In order to critique this visualization, I chose to use the ‘Data Visualization Effectiveness Profile’. Here, I will evaluate it across seven criteria: Usefulness, Completeness, Perceptibility, Truthfulness, Intuitiveness, Aesthetics and Engagement.
Usefulness Usefulness is determined based in the needs of the audience and is measured on a scale from Useless to Very useful. It is very important to understand the wage gap that exists between genders and hence, it is important to represent this information in a way in which everyone can understand it. However, in this visual, it would have been useful to show the number of people in the market separated by gender. This will then start a conversation about causes that drive wage gap based on the industry. The visual is focused on civilian Employed Population who are 16+ years of age. The plot does not differentiate between those who are full-time employees and those who are part-time employees. We should also consider the fact that a few of the participants are student who are working part-time. Maternity can be a cause for women to be out of the job market for a while which can skew data. Hence, adding some more relevant information would have increased the usefulness of the visual.

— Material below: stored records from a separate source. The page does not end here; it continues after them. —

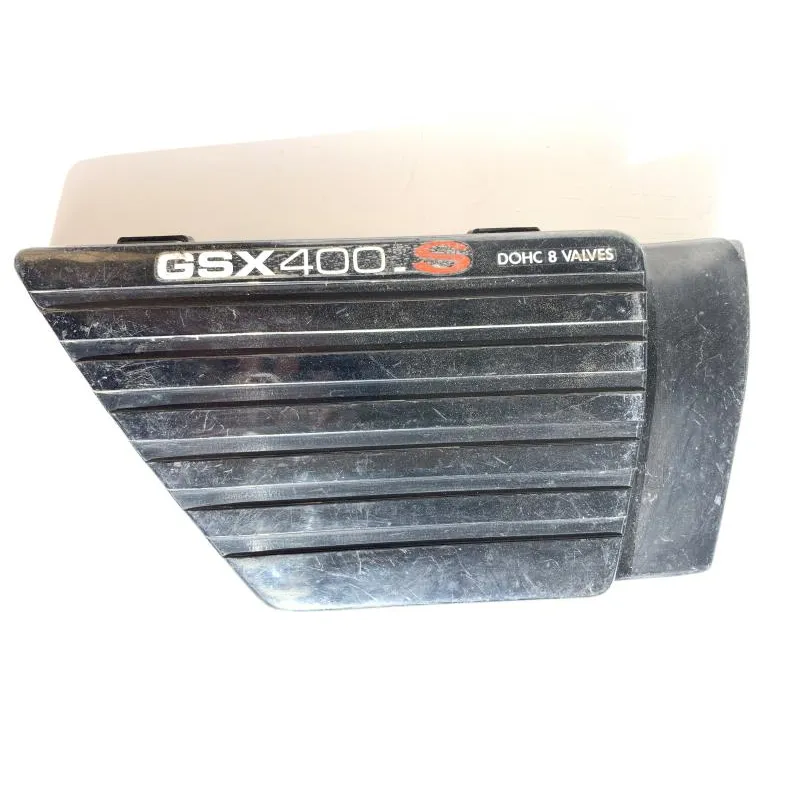 Cache carenage sous selle droit SUZUKI GSX 400 S 1980-1981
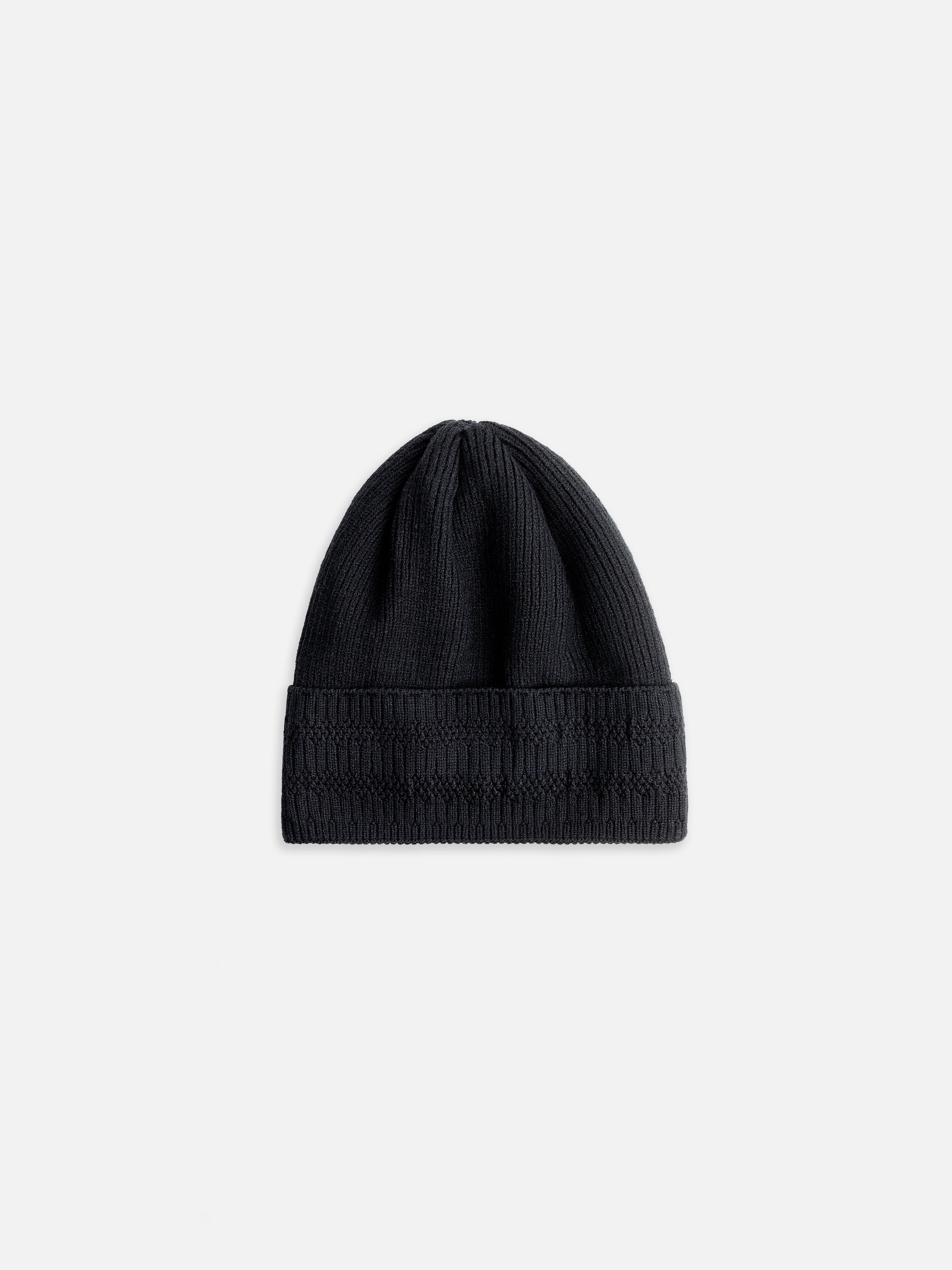 Black Knitted Beanie - FABC24-006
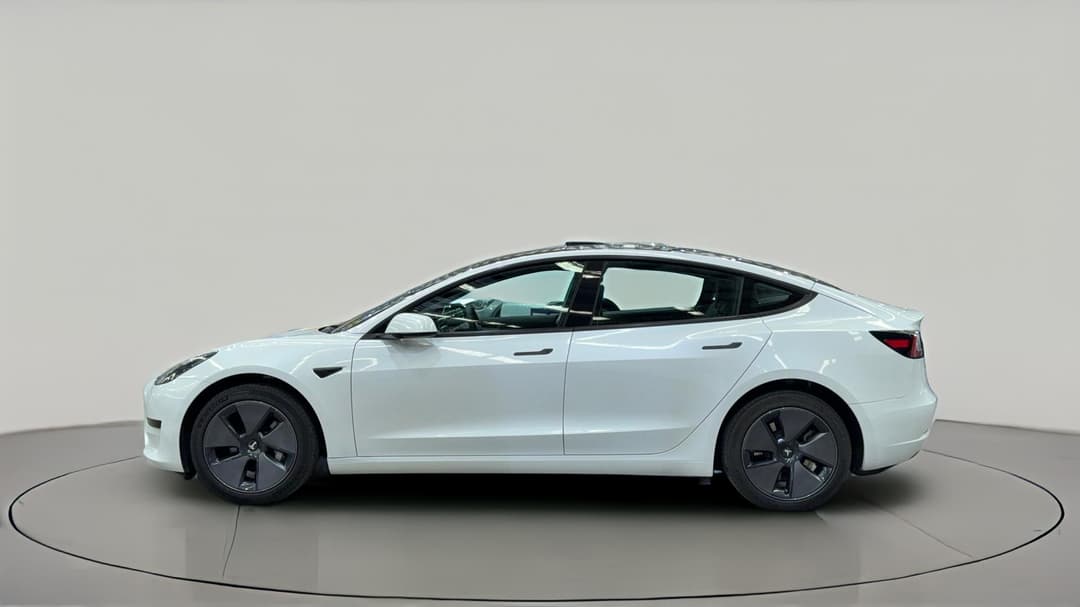 2023 Tesla Model 3 Rear-wheel Drive, Automatic, 40663 km, Left Side View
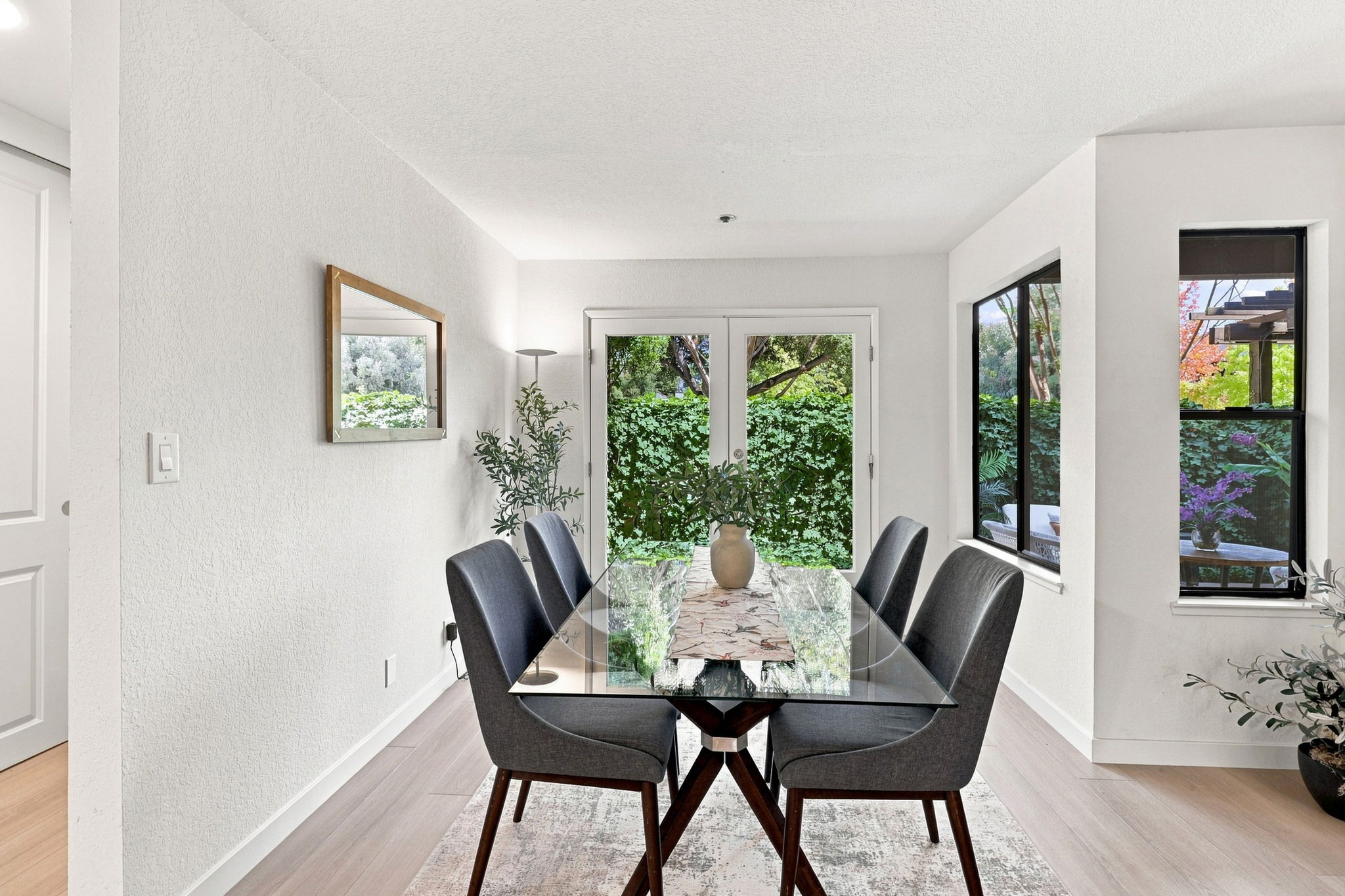 022_F8_722 Ramona St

Completeness Completeness is determined based on the extent to which information represented helps produce the right amount of understanding. It is measured on a scale from No relevant data to all relevant data. The visualization here provides no information about the number of people in a particular industry even though it’s a focal point of the article and the data set. It would be useful to also provide some information about full-time and part-time employees. The use of a spherical graphic is a good way of ensuring that visually, the gender gap between and women is not missed.
Perceptibility Perceptibility is measured based on the ease with which the information and the graphic can be assimilated by the viewer. This is measured on a scale from Unclear and difficult to Clear and easy. In this graphic, the presence of a color scheme for various buckets of data on the lower left corner and the presence of a scale on the lower right hand corner makes it difficult to keep up with the main representation. Once has to move back and forth from the legends to the main graphic which reduces Perceptibility. The repeated use of ‘$’ and ‘K’ is also redundant.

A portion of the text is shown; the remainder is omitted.